Increasing the temporal resolution of N2O and N2 measurements

Optimisation of the sampling cycle compared to the field deployed system described in Warner et al. (2019) increased the number of reported fluxes to two fluxes per day from each chamber. The deviation of a single N2 flux from the daily average flux estimate of > 2 kg N2-N ha−1 day−1 (Fig. 1) shows the importance of multiple flux measurements per day to accurately represent the temporal variability of N2 losses. The comparatively low deviation of cumulative estimates of N2 based on a single measurement vs. the daily average likely reflects the rather small changes in soil WFPS during the experiment. This deviation is likely to be larger under conditions of more pronounced wetting and drying cycles, where short-lasting peak flux events account for a large proportion of cumulative N2O and N2 losses (Scheer et al. 2008).

Field and laboratory studies (Čuhel et al. 2010; Higgins et al. 2013; Weier et al. 1998) using manual sampling techniques typically take only two gas samples (T0 and T1) during chamber closure, which precludes the possibility to test for the assumption of linear N2O or N2 gas accumulation within the gas chamber headspace (Friedl et al. 2020). Even if multiple headspace gas samples are taken, N2 fluxes are usually calculated based on two samples (T0 and Ti) (Buchen et al. 2016). The system used in the study presented here, however, offers the advantage of three samples taken during chamber closure, enabling robust quality control to identify linearity and potential analytical artifacts. The data obtained confirms the importance of sampling frequency demonstrated for N2O by Barton et al. (2015) for soil gas exchange of N2O and N2 measured via the 15N gas flux method. The performance of the novel 15N soil incubation system highlights its potential to capture rapid changes of N2O and N2 fluxes together with their respective drivers under both controlled and field conditions.

Conclusions

The first study to account for hybrid N2O and N2 production in ASS demonstrates that under flooded conditions, hybrid pathways contribute substantially to N2O, but not to N2 emissions.

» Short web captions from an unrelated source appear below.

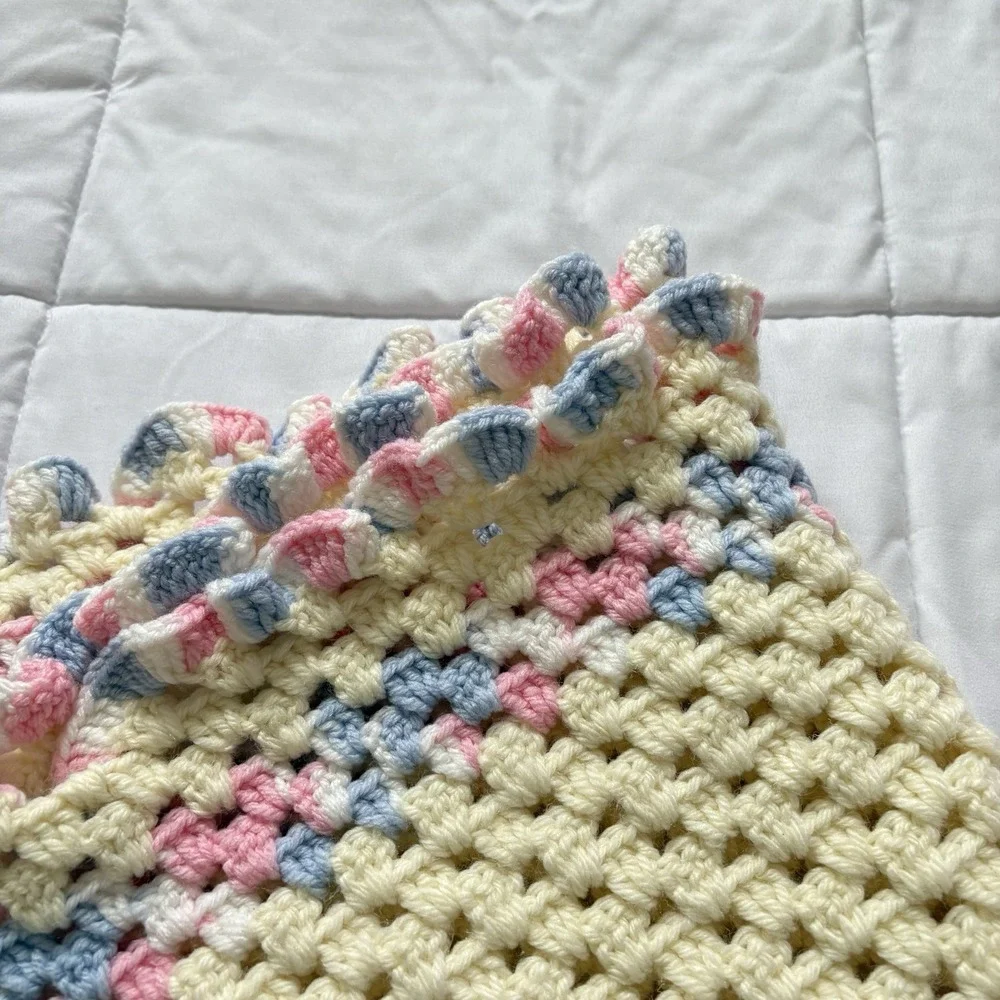 Vintage Handmade Pastel Crochet Baby Blanket Yellow Pink Nursery 34x34 Square - Picture 5 of 5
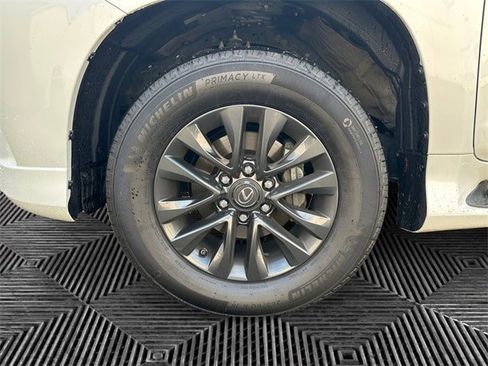 Used 2021 Lexus GX 460 Premium image 14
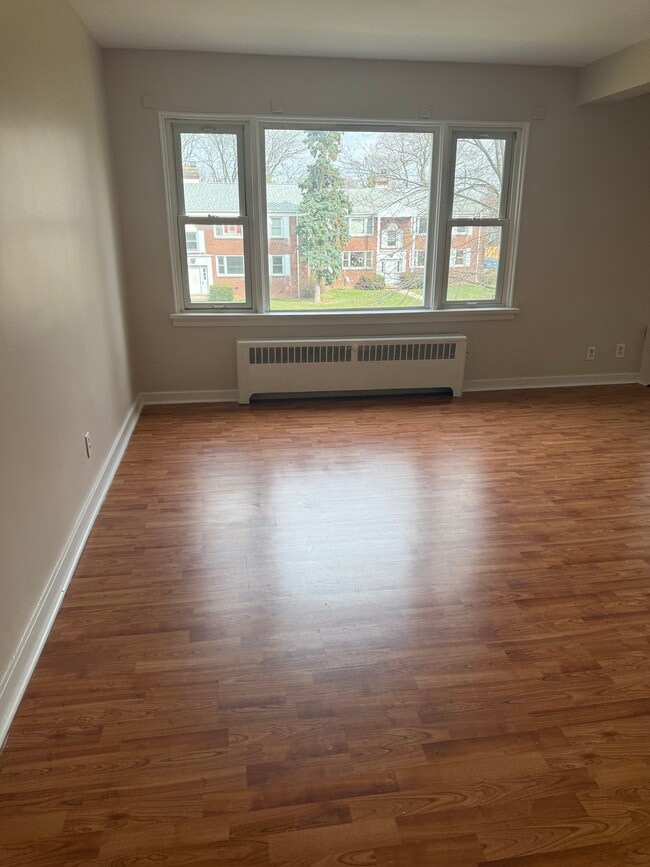 Building Photo - 5110 Wyandotte St E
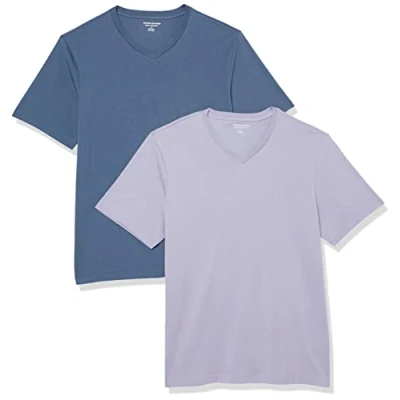 Abbildung von Amazon Essentials Herren Kurzärmliges T Shirt mit V Ausschnitt in normaler Passform (in Übergrößen erhältlich), 2er Pack, Verwaschenes Blau/Lavendel, XXL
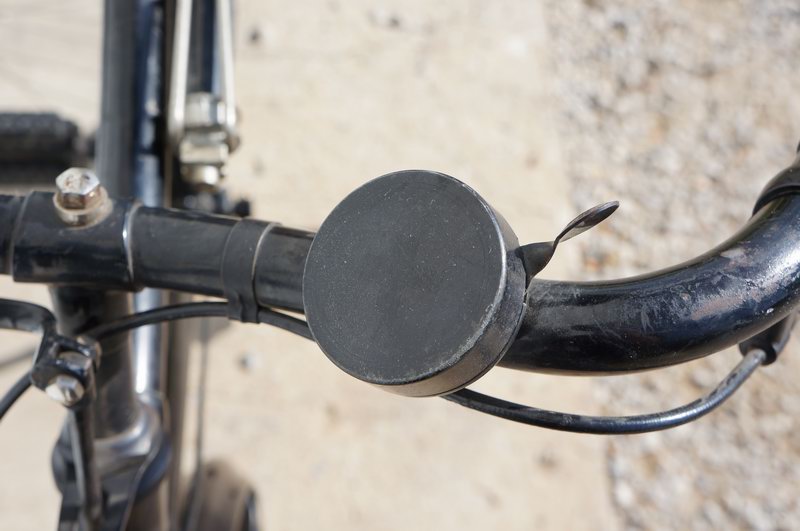 Swiss Army BicycleFeatures:Lights with DynoOne  ..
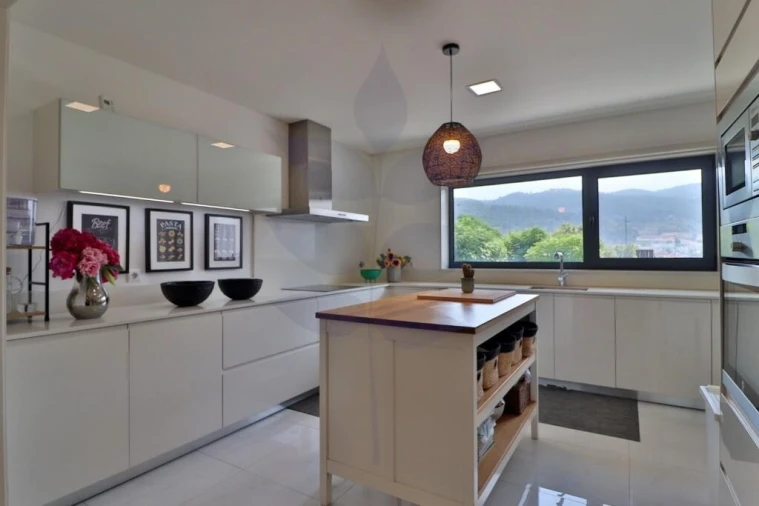 Moradia T3 para Venda em Este (São Pedro e São Mamede) Foto 2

Real-time high temporal resolution monitoring of the isotopologues of N2O and N2 using an innovative 15N soil incubation system showed that N2O dominates denitrification losses in the first 15 days after flooding and N fertilisation in an ASS. Our findings suggest that the low soil pH shifts the N2O/(N2O+N2) ratio towards N2O even under completely flooded conditions. Only as O2 and NO3 levels are depleted after longer periods of flooding does N2 become the main product of denitrification, demonstrated by cumulative N2 emissions, accounting for >57% of overall N2O+N2 losses. The temporal trend of the N2O/(N2O+N2) ratio indicates that unless flooding events persist over extensive periods of time, N2O is likely to be the main product of denitrification from these ASS under sugarcane production. The contribution of hybrid pathways to N2O and N2 formation indicates a truncated pathway of N2O formation, delivering a possible explanation for the high N2O emissions previously reported from this ASS in the field. The inclusion of molecular techniques such as amplicon sequencing and isotope probing in future research may help to disentangle the contribution of specific biotic and abiotic processes that contribute to both hybrid and non-hybrid formation of N2O and N2 emitted from ASS. Regardless of the underlying nature, the magnitude of N2O emissions demonstrates the environmental, but also the potential agronomic significance of hybrid pathways of N2O formation to N loss from fertilised acid-sulphate soils.